Grid of spectral Granger causality maps in the frontal-parietal-occipital loop. The colormap is presented in baseline standard deviation units (how many times a GC is greater or lesser than the baseline standard deviation). The lines in figure grid represent the cortical structures were the information was originated, while the columns represent the target structures (GC direction is defined from the structure that originates the information to target structure). The instant t = 0 s (dashed white line) is defined as the instant that the animal reaches the central nose poke, and thus, experience the maximum vibrissae deflection. The vertical black dashed lines divide the figures in the task periods (anticipatory – green 1, discrimination 1 – light blue 2, discrimination 2 – dark blue 3, response – red 4 and reward – yellow 5), and the horizontal lines divide the figure in frequency bands (theta 4–12 Hz, beta 1 [13–21 Hz], beta 2 [22–30 Hz], gamma 1 [31–65 Hz] and gamma 2 [66 to 100 Hz]).

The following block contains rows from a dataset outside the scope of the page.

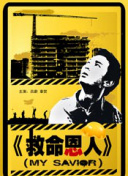 小樱被鸣人扒开腿狂漫画
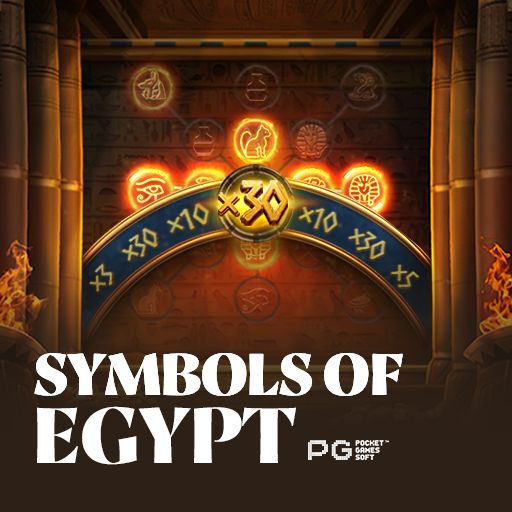 Symbols of Egypt সিম্বলস অফ ইজিপ্ট গেম আইকন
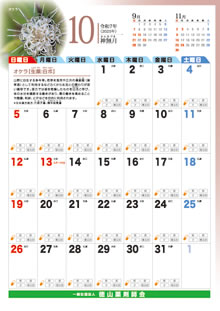10月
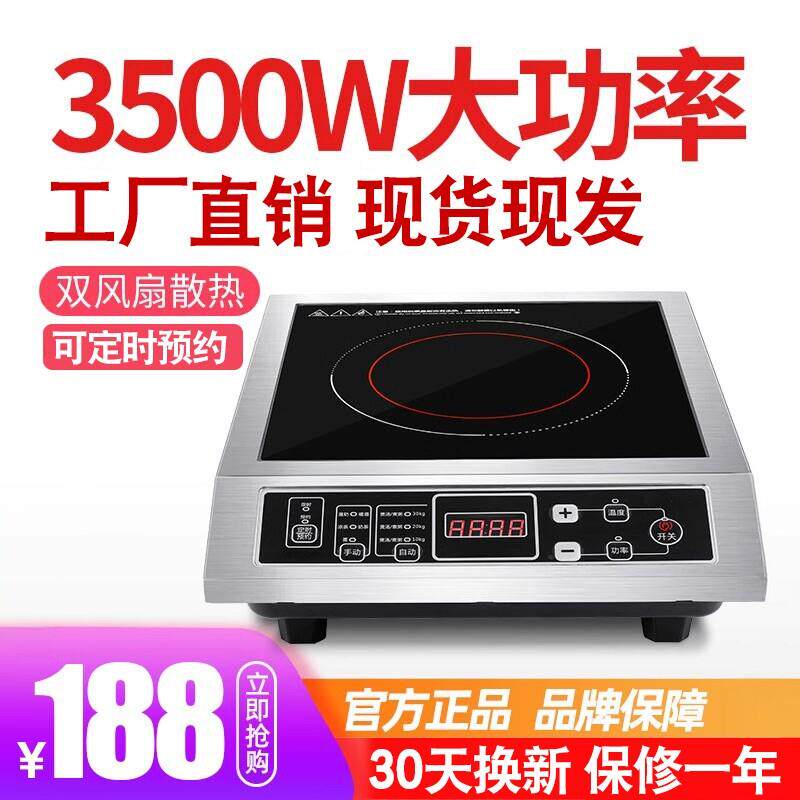 3500W不锈钢电磁灶商用大功率电磁炉 家用爆炒防水定时电磁炉
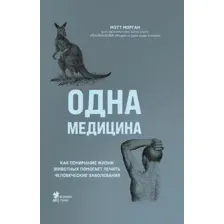 Книга издательства Бомбора. Одна медицина (Морган М.)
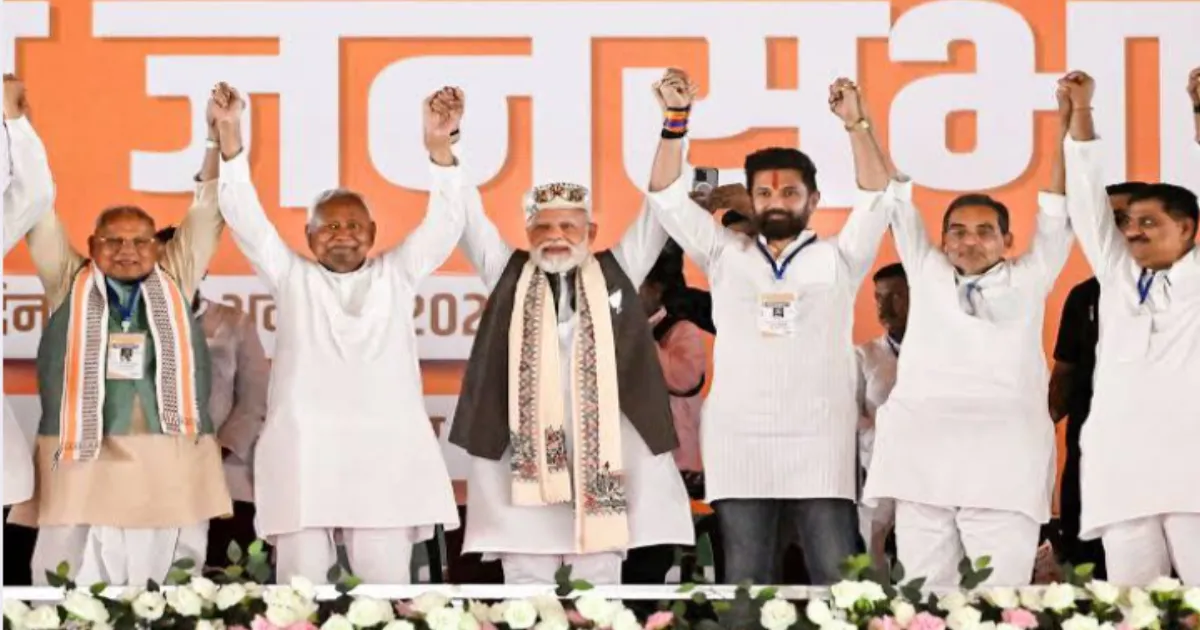 #BiharResults: BJP Clinches Bihar, But 12 Nominees Fall; Congress Manages Only Six Victories
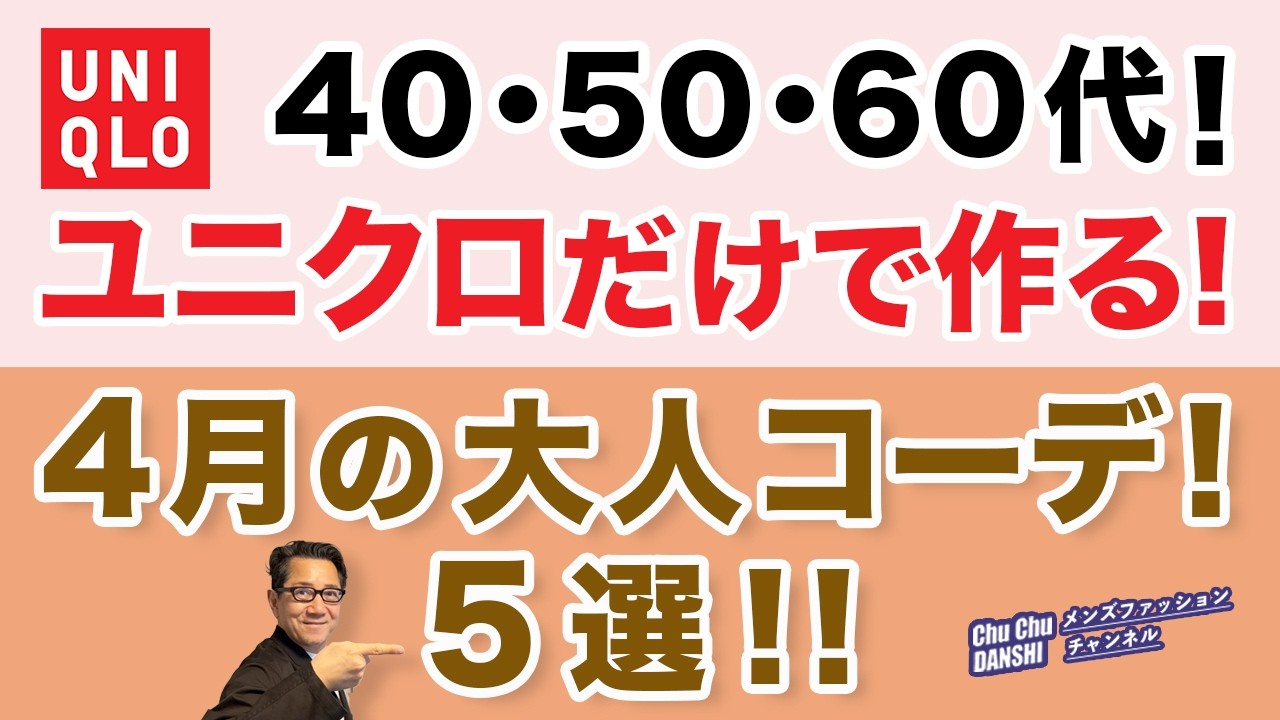 【ユニクロだけで完成！4月大人コーデ‼️】いよいよ4月！寒暖差が激しい月！後半は夏日の可能性？羽織りとTシャツ大活用！40・50・60代メンズファッション。Chu  Chu  DANSHI。林トモヒコ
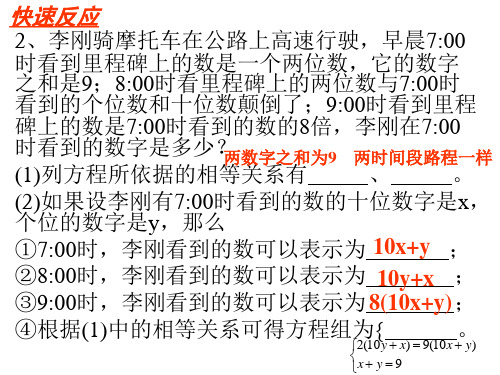 里程碑上的数字[上学期]  北师大版 (PPT)3-1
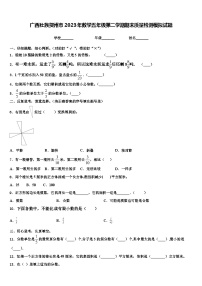 广西壮族贺州市2023年数学五年级第二学期期末质量检测模拟试题含解析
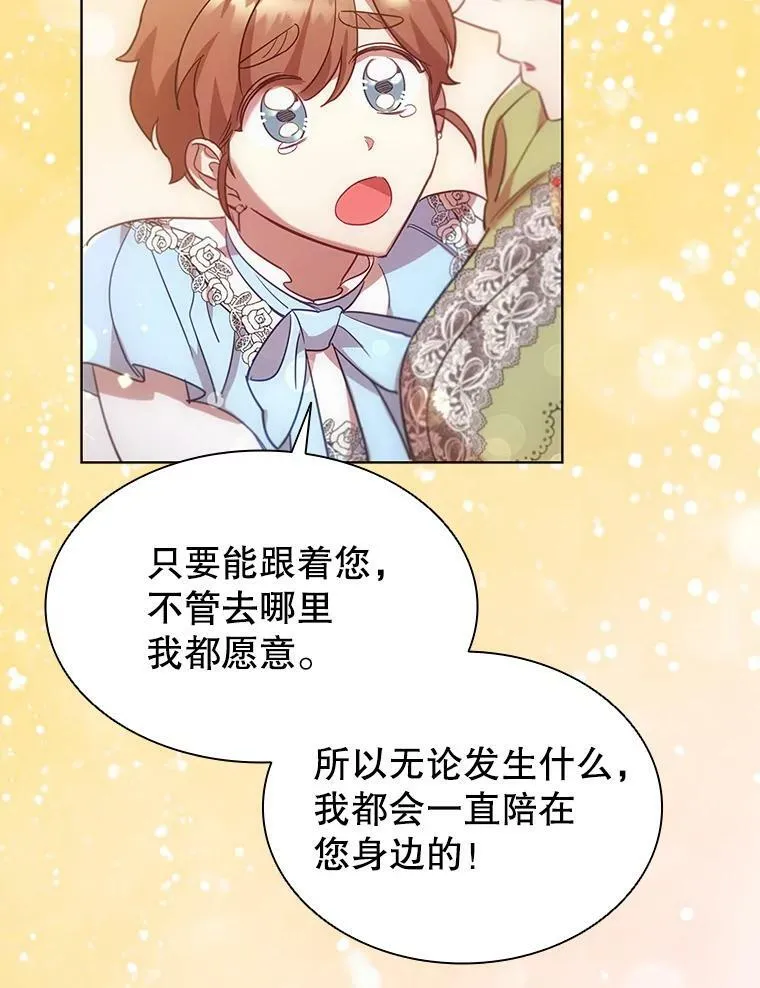 21.事业扩张 第9页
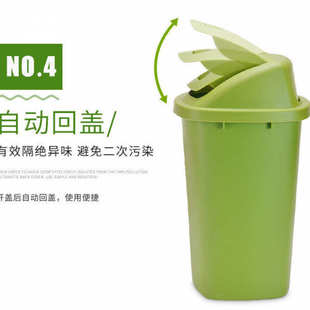 摇盖垃圾桶大容量30L40L60L户外物业带盖厨房商用家用特大号教室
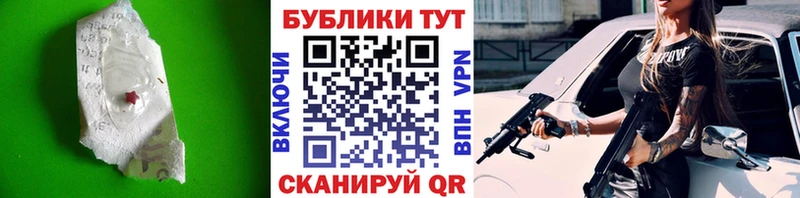 mega вход  Покачи  дарк нет состав  Экстази Punisher 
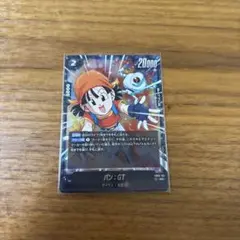 ドラゴンボール フュージョンワールド パン:SH パラレル - メルカリ
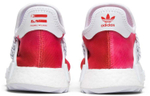 Кроссовки Pharrell Williams X Adidas Originals Nmd Hu Trail Passion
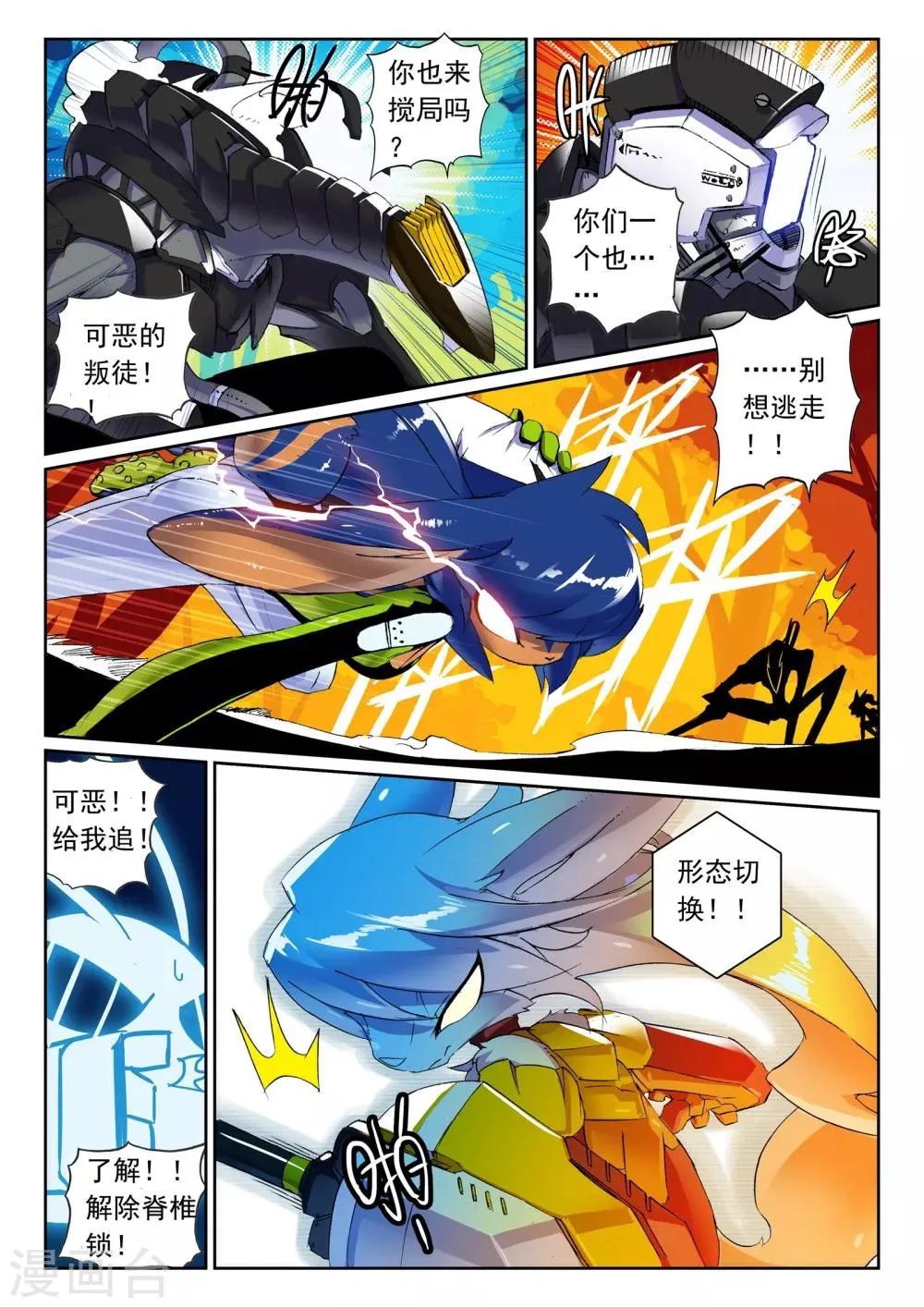 第117话 击坠喵！！1 第7页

Absolute GC variations from the baseline, higher than two times the baseline standard deviation, were considered significant. The figures in the grid diagonal show the significant regions of the spectral GC maps. Each diagonal figure brings information about the three other GC maps at the same line. The colored regions indicate the significant map regions, where red represents the first map that appears in that line grid (left to right), green the second and blue the third. If a region was significant in more than one map, the color of the maps should be overlayed (maps 1 and 2 = yellow; maps 1 and 3 = magenta; maps 2 and 3 = cyan; maps 1, 2 and 3 = white). The maps reveal both top-down and bottom-up directed influence, which was stronger and time-frequency specific during active tactile discrimination task. Spectral GC values were estimated with a 150 ms window running in 10 ms time steps.

Figure 6

Summary of granger causality findings supporting distributed processing during an active tactile discrimination task. The left hemisphere represents the PLV findings (L) while the right hemisphere represents the GC results (R). The PLV was represented in the left hemisphere as didactic resource. Note that both phase lock and Granger causality analysis are the result of recordings performed on the right hemisphere. The thickness of the edges indicates the strength of the synchrony (PLV) and information flow or G-connectivity (GC) between the structures. The red edges indicate a rise while the blue edges indicate a decrease in synchrony or G-connectivity between the brain structures. In the GC graphs (right hemisphere), the arrows indicate the direction of the information flow. The ACC is represented by the orange region, PPC yellow, S1 pink, and V1 light blue. The graphs suggest that both primary sensory areas and higher order areas can drive responses depending on the animal behavior.